If $g=10 N/kg$ , what will show the Scales?
Yes, I know this is a very simple problem. But, I am stuck. $$P=mg \Rightarrow m=\frac{100N+100N}{10N/kg}=20 kg .$$
But, I'm worried about this answer. What's the difference between hand holding the scales and putting them on the table? I think, if the Scales is captured manually, the force applied from above should be meaningless. And answer must be $m=10 kg.$ Is it correct?
The answer is $10 kg$. When you apply Hooke's law to one end of a spring: $F=-kx$, it is implicit that the other end is fixed in place by a force $-F$. This force may be applied by the wall, hand, another mass, etc...

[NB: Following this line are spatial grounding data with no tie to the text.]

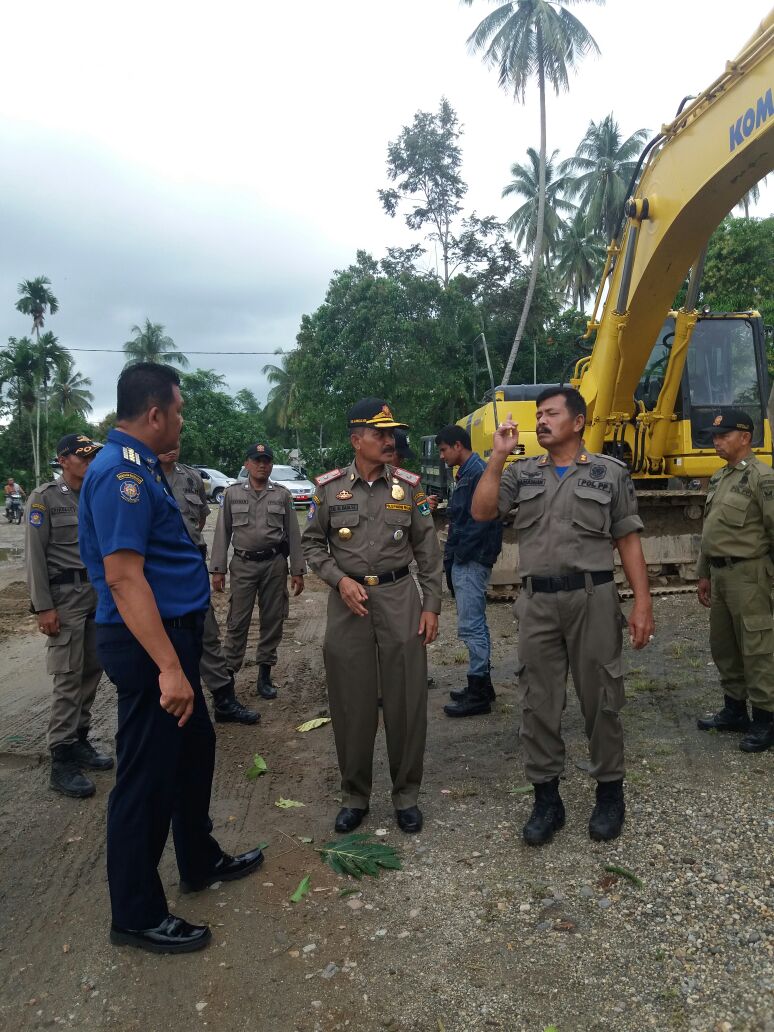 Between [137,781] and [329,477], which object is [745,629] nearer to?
[329,477]

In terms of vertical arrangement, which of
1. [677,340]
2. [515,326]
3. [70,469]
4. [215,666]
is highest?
[515,326]

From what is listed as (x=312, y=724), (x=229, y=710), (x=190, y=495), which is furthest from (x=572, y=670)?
(x=190, y=495)

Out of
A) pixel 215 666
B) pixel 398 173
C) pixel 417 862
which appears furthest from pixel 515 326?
pixel 417 862

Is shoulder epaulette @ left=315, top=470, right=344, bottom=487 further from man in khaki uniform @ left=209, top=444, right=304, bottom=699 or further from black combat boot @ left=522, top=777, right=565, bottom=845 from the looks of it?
man in khaki uniform @ left=209, top=444, right=304, bottom=699

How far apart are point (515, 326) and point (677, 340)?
1838 centimetres

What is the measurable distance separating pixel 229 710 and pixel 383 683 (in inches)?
79.0

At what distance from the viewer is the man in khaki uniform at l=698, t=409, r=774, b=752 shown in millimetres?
4188

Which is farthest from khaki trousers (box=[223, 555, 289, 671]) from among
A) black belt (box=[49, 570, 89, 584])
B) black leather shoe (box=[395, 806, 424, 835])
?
black leather shoe (box=[395, 806, 424, 835])

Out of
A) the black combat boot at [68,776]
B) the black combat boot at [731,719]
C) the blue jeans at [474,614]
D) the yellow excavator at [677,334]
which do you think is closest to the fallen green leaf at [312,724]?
the blue jeans at [474,614]

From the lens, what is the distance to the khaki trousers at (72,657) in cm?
423

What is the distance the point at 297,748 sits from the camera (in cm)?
465

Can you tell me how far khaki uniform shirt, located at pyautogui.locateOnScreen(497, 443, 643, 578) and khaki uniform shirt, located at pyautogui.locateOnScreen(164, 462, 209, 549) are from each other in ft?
8.51

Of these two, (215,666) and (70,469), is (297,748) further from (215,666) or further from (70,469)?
(70,469)

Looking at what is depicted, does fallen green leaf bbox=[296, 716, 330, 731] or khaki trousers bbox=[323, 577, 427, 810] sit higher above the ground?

The idea is that when you would hang $1\mathrm{kg}$ in a massless basket under a scale, the scale would show that $1\mathrm{kg}$ in the basket. We do know Newtons second law that force equals mass times acceleration: $F=m a$. We know the gravitational acceleration on earth at sea level is approximately $g=10\mathrm{m/s^2}$ this tells us that the force being exerted for $1\mathrm{kg}$ is $10\mathrm{N}$. Now you have to imagine the other way around, when I have a force of $100\mathrm{N}$ pulling on both sides, what would the scale show now? It would show the same conversion but now the other way around so: $m=\frac{F}{a}$ with in this case $a=g$. So $F=200\mathrm{N}$ and $a=10\mathrm{m/s^2}$ gives $m=20\mathrm{kg}$.